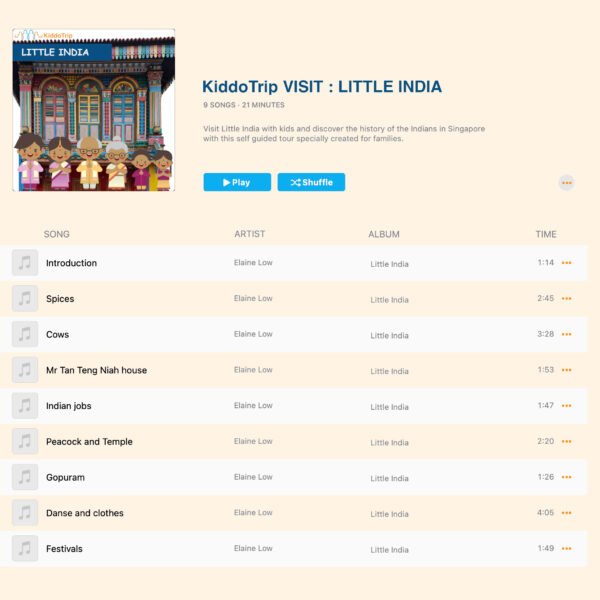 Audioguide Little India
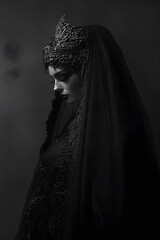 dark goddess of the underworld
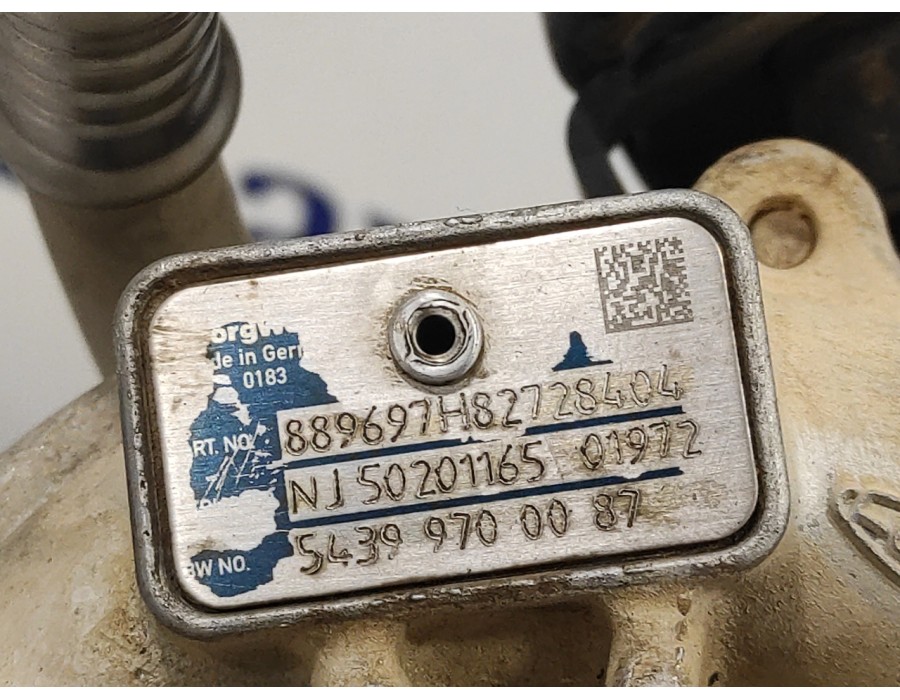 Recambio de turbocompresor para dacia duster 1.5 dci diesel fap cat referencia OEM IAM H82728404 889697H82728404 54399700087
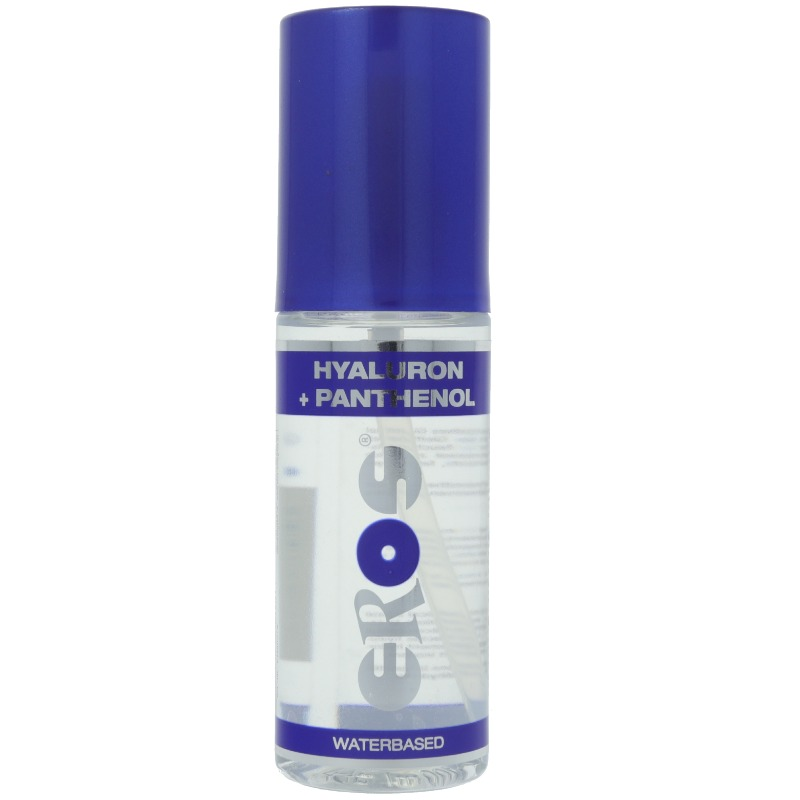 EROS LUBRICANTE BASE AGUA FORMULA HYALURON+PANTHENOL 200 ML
------------------------------------
» Assignment
The whole listing should be printed again exactly as written, images excluded.

» Response for this exercise
 Audioguide Little India
 dark goddess of the underworld
 Recambio de turbocompresor para dacia duster 1.5 dci diesel fap cat referencia OEM IAM H82728404 889697H82728404 54399700087
 EROS LUBRICANTE BASE AGUA FORMULA HYALURON+PANTHENOL 200 ML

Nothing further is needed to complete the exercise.